Image-caption web data:

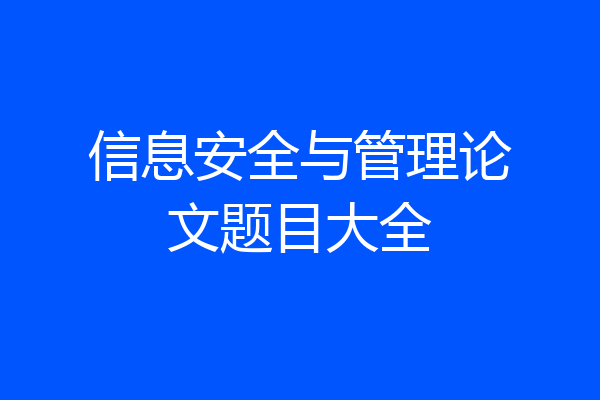 信息安全与管理论文题目大全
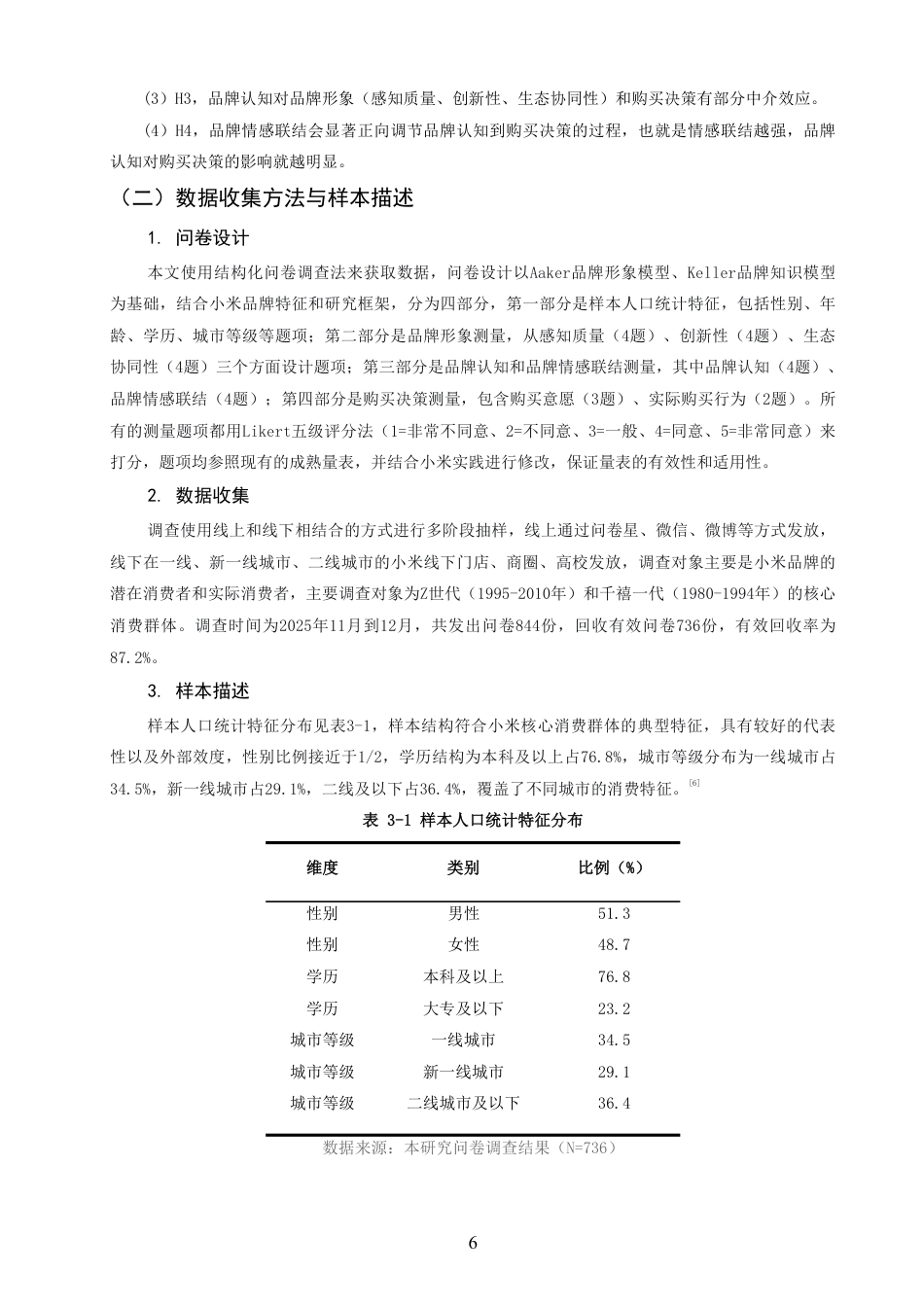 26年CH市场营销 品牌形象塑造对消费者购买决策的影响—以小米企业为例非全-约18614字符.pdf_第9页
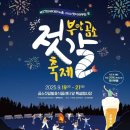 꽃젓갈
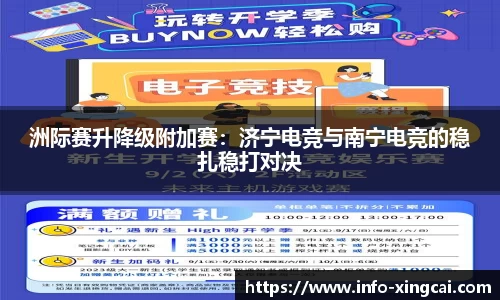 洲际赛升降级附加赛：济宁电竞与南宁电竞的稳扎稳打对决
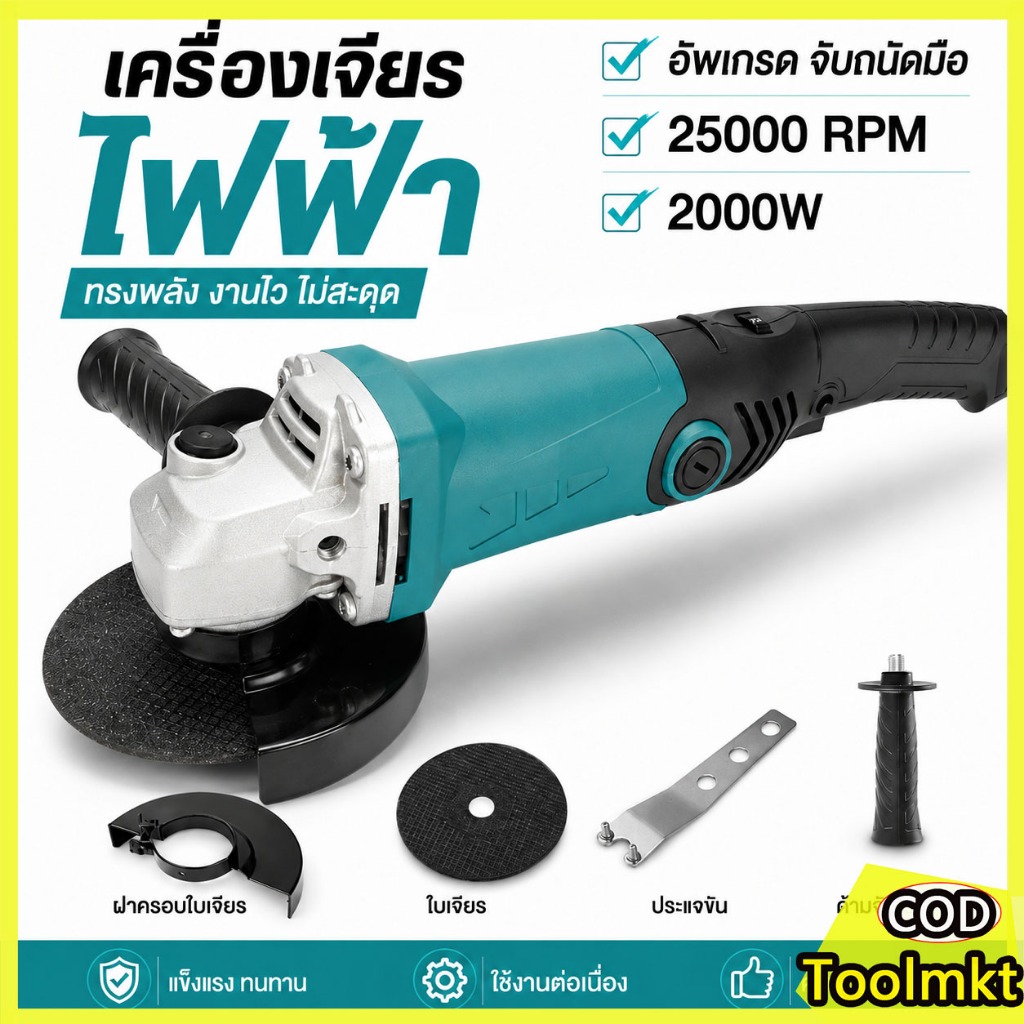 หินเจียรไฟฟ้า 4นิ้ว 2000w หินเจียร เครื่องเจียร การันตีสินค้าตรงปก 100% ( AAA ) อายุการใช้งานแบตเตอรี่ยาวนาน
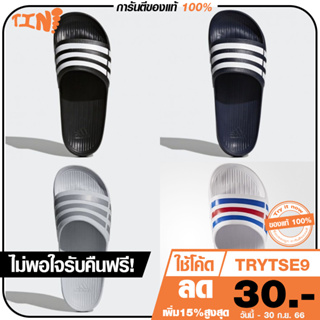 🔥รองเท้าแตะทรง Adidas Duramo Slide size: 36-45 สี ดำ/กรม/เทา แบบสวม เบา สบาย ใส่นุ่ม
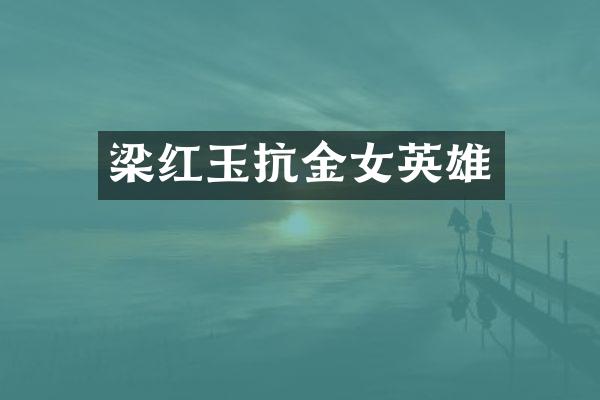 梁红玉抗金女英雄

### What to produce
The expected output is the exact run of lines from the one containing "เบา สบาย ใส่นุ่ม" through the final line of the data above, both ends included, with no pictures.

### Output for this task
 🔥รองเท้าแตะทรง Adidas Duramo Slide size: 36-45 สี ดำ/กรม/เทา แบบสวม เบา สบาย ใส่นุ่ม
 梁红玉抗金女英雄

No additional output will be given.